Super Symmetry Particles
Super Symmetry Particles (SUSY Particles)

Super or Twin Symmetry states that for every particle known in the grand dance of particles in the cosmos there is a corresponding \’dark or shadow\’ twin-partner with a higher mass. Its nomenclature simply adds an “s” to the known particles. So quarks would have corresponding squarks.

This theory has the added advantage of providing quite ideal candidates for dark matter, a heavier twin-partner who does not interact with light.
Since all particles are classed as either fermions or bosons, a particle belonging to one class has a twin-partner in the other class, thereby "balancing the books" and making Nature more symmetric. Thus, the twin of an electron (a fermion) is called a selectron (a boson).
These super symmetric particles, have the same charge but opposite spin to the particles we are familiar with, such as photons and electrons.

Whereas super symmetry in particle physics is still just a hypothesis waiting to be confirmed or disproved, there are occurrences of super symmetry in nuclear physics which seem to have stronger evidences.
In elementary particle physics, super symmetry theory interchanges particles of completely dissimilar types: fermions which make up the material world, and bosons which generate the forces of nature.
Two fermions will never occupy the same quantum state. Bosons, under the right conditions, form regimented armies of clones, such as the photons in a laser beam. Yet somehow in the mirror of super symmetry, individualistic fermions look magically like sociable bosons, and v.v.

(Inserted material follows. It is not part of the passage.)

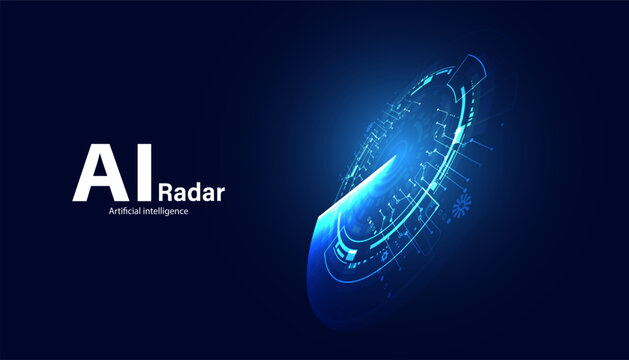 AI artificial intelligence radar vector interface in perspective view. Digital technology and scanning concept.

Nuclear physicists predicted the existence of a different form of super symmetry in certain atomic nuclei. Nuclei with even numbers of protons and neutrons versus those with odd numbers of protons and neutrons.
A composite particle containing an odd # of fermions is itself a fermion, but an even # of fermions produces a boson.
Theorists must use many tools to understand all facets of the complicated physics of nuclei. The new results adds SUSY to the toolkit and it shows that super symmetry is not just a mathematical curiosity but exists in the world.